Rabu, Mei 20, 2026
Beranda Bengkulu Bengkulu Tengah BPOM Bengkulu Perkuat Pengawasan Pangan di Enam Sekolah Bengkulu Tengah

BPOM Bengkulu Perkuat Pengawasan Pangan di Enam Sekolah Bengkulu Tengah

0
13
BPOM Bengkulu memberikan bimbingan teknis kader Keamanan Pangan Sekolah kepada guru dari enam sekolah di Kabupaten Bengkulu Tengah, Rabu (20/5/2026), guna memperkuat pengawasan jajanan dan pangan aman di lingkungan sekolah.

Bengkulu Tengah – Enam sekolah di Kabupaten Bengkulu Tengah menjadi fokus penguatan program pengawasan pangan sekolah yang dilakukan Balai Pengawas Obat dan Makanan (BPOM) di Bengkulu melalui bimbingan teknis kader Keamanan Pangan Sekolah, Rabu, 20 Mei 2026. Kegiatan ini digelar sebagai upaya meningkatkan pengawasan jajanan anak sekolah agar aman dan sehat dikonsumsi siswa.

Sekolah yang mengikuti kegiatan tersebut yakni SD Negeri 27 Benteng, SD Negeri 02 Benteng, SD Negeri 68 Benteng, SD Negeri 40 Benteng, SD Negeri 80 Benteng, dan SMP Negeri 11 Benteng. Para guru diberikan pembekalan terkait keamanan pangan, pembentukan tim keamanan pangan sekolah, hingga tugas kader dalam melakukan pengawasan pangan di lingkungan sekolah.

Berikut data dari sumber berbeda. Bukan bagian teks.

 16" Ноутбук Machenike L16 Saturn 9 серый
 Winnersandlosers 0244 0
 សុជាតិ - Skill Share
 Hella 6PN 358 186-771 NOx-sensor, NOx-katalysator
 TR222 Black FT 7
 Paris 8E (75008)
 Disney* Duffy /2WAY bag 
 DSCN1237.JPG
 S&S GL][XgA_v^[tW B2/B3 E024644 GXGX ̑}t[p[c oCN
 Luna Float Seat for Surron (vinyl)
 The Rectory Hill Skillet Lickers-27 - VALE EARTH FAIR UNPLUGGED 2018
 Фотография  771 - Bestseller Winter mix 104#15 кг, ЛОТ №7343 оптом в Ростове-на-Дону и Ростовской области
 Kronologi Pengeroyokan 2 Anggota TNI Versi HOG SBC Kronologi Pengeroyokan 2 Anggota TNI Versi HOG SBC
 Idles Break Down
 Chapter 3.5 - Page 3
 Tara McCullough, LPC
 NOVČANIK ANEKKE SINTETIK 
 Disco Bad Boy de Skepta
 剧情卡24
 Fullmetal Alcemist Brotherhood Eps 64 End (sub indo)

Ketua Tim Informasi dan Komunikasi BPOM Bengkulu, Alex Junico Ginting, mengatakan program keamanan pangan sekolah merupakan bagian dari program nasional yang akan terus berjalan hingga 2029. Menurutnya, pengawasan pangan di sekolah penting dilakukan untuk mendukung terciptanya generasi emas melalui konsumsi pangan yang aman dan sehat.

Baca Juga:  Bupati Bengkulu Tengah Launching Program Makan Bergizi Gratis di SMPN 1 Pondok Kelapa

“Keamanan pangan di sekolah masuk dalam program keamanan pangan nasional. Karena itu program ini sangat penting sebagai upaya mendukung terciptanya generasi emas,” ujar Alex saat membuka kegiatan.

Ia menjelaskan, pengawasan keamanan pangan di sekolah perlu diperkuat karena masih banyak sekolah yang menyediakan kantin serta pangan olahan bagi siswa. Karena itu, sekolah dinilai perlu memiliki kebijakan dan tim khusus yang memahami pengawasan pangan aman agar siswa terlindungi dari risiko pangan berbahaya.

Alex menambahkan, keberhasilan program sangat bergantung pada komitmen kepala sekolah dan dukungan guru sebagai kader keamanan pangan. “Dengan adanya kader keamanan pangan sekolah diharapkan sekolah mampu mandiri dalam melindungi diri dari pangan yang berisiko dan mendukung program keamanan pangan nasional,” katanya.

Salah seorang peserta, guru SD Negeri 40 Benteng, Puspa Nesentia, mengaku senang mengikuti bimbingan teknis tersebut karena menambah wawasan tentang pengawasan pangan di sekolah. Ia mengatakan sekolah selama ini telah mengawasi jajanan kantin, mengarahkan siswa membawa wadah minum sendiri untuk mengurangi plastik sekali pakai, serta memastikan makanan yang dijual aman dari cemaran fisik maupun kimia.

Baca Juga:  BPOM Awasi Pangan Takjil dan Olahan di Bengkulu Tengah, Hasilnya Aman

“Sekarang anak-anak kami suruh membawa tempat sendiri supaya tidak tercemar plastik dan sekolah tetap bersih. Jajanan kantin juga terus kami awasi,” tutur Puspa.